* [What this task involves]: Please output exactly the part of the records below that opens with the line containing "Robe courte imprimée" and closes with the line containing "Nacionales de Mexico", both lines included, and nothing else.

____ Source material

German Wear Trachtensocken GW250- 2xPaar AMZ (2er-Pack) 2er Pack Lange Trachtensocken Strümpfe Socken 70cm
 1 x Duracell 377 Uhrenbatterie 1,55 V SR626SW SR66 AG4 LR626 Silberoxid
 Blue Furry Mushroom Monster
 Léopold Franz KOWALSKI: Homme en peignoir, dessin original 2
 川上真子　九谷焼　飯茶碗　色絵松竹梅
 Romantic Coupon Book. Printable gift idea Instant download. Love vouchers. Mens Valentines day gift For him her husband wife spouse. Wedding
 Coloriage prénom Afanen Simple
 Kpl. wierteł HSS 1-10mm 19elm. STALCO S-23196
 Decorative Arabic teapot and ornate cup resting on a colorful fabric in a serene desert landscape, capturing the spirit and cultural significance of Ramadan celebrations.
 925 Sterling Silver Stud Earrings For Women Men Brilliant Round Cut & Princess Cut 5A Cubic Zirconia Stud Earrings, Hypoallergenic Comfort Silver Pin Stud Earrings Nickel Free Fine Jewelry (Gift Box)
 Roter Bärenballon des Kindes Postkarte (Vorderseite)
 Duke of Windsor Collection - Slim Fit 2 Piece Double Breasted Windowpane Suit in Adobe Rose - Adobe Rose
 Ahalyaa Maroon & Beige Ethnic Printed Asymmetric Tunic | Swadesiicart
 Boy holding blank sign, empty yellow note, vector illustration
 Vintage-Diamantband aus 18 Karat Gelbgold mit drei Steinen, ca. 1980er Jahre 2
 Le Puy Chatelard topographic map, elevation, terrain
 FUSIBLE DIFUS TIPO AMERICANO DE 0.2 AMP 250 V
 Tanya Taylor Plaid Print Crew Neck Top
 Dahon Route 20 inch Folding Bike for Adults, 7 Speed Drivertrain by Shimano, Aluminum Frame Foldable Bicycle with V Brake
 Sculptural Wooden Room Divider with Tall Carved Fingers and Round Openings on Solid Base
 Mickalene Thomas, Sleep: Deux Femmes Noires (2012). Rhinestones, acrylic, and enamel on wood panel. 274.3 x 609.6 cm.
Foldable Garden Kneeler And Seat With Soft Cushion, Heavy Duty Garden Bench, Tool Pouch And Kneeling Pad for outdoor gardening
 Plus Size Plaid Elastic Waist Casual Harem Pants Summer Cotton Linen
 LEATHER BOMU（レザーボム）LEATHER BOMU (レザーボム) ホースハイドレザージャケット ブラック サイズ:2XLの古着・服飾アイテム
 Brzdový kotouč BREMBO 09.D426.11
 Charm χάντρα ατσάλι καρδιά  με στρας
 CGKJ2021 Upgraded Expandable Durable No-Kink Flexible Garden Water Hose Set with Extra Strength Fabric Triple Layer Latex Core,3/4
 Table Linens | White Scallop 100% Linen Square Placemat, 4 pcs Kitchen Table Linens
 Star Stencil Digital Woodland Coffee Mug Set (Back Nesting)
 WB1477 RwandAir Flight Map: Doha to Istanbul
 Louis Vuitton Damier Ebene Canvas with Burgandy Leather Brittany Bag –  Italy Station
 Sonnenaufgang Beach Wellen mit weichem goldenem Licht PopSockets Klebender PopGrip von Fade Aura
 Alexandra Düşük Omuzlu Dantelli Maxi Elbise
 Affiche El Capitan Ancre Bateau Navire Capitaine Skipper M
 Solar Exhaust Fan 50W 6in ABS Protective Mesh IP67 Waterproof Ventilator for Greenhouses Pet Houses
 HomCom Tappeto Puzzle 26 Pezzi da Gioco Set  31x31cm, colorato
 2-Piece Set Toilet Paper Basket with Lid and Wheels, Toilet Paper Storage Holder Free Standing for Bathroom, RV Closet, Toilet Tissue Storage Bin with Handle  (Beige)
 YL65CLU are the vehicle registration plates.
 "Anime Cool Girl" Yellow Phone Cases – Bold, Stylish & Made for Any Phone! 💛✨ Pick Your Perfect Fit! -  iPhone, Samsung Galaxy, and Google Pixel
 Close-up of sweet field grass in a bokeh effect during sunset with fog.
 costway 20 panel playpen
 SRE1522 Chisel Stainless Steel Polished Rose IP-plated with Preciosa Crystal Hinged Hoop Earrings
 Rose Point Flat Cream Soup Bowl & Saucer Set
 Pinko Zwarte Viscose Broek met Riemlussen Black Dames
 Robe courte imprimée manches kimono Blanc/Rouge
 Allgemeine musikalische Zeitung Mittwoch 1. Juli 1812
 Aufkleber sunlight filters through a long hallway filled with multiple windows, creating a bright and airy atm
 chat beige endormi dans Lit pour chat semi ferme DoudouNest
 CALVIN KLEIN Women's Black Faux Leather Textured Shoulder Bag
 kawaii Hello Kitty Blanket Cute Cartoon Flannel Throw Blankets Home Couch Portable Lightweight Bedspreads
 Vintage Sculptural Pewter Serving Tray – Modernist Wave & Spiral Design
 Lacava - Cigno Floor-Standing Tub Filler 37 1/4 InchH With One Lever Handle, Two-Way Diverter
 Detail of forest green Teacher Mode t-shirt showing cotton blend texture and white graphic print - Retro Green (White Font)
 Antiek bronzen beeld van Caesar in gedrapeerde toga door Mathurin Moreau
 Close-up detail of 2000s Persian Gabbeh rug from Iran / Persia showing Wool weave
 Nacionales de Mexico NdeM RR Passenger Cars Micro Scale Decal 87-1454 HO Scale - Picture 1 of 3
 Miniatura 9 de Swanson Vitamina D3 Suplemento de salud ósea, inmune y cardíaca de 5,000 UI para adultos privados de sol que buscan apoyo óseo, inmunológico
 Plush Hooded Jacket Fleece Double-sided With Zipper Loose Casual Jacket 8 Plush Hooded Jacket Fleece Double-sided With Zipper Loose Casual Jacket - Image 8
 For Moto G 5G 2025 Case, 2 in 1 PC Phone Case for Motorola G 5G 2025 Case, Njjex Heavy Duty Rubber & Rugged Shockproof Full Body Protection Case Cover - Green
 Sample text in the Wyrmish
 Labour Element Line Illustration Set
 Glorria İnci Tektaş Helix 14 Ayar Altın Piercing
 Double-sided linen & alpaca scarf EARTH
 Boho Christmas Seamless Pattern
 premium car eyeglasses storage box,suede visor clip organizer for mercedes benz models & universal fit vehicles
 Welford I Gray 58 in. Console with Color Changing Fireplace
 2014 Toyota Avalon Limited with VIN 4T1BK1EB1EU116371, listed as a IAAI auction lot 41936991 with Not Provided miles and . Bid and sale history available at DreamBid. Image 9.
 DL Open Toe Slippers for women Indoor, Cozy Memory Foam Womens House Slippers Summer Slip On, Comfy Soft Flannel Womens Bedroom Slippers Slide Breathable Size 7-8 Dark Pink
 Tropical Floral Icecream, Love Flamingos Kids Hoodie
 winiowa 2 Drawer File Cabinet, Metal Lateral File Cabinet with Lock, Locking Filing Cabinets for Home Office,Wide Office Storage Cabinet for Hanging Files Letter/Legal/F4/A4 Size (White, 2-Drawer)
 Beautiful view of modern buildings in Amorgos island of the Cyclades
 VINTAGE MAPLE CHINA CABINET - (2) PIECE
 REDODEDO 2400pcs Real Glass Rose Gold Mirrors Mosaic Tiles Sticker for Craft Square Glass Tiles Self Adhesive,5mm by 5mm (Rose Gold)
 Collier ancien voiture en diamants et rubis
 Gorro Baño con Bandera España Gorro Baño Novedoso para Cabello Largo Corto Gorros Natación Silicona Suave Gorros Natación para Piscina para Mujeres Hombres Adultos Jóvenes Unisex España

________

* [Solved problem]:
 Robe courte imprimée manches kimono Blanc/Rouge
 Allgemeine musikalische Zeitung Mittwoch 1. Juli 1812
 Aufkleber sunlight filters through a long hallway filled with multiple windows, creating a bright and airy atm
 chat beige endormi dans Lit pour chat semi ferme DoudouNest
 CALVIN KLEIN Women's Black Faux Leather Textured Shoulder Bag
 kawaii Hello Kitty Blanket Cute Cartoon Flannel Throw Blankets Home Couch Portable Lightweight Bedspreads
 Vintage Sculptural Pewter Serving Tray – Modernist Wave & Spiral Design
 Lacava - Cigno Floor-Standing Tub Filler 37 1/4 InchH With One Lever Handle, Two-Way Diverter
 Detail of forest green Teacher Mode t-shirt showing cotton blend texture and white graphic print - Retro Green (White Font)
 Antiek bronzen beeld van Caesar in gedrapeerde toga door Mathurin Moreau
 Close-up detail of 2000s Persian Gabbeh rug from Iran / Persia showing Wool weave
 Nacionales de Mexico NdeM RR Passenger Cars Micro Scale Decal 87-1454 HO Scale - Picture 1 of 3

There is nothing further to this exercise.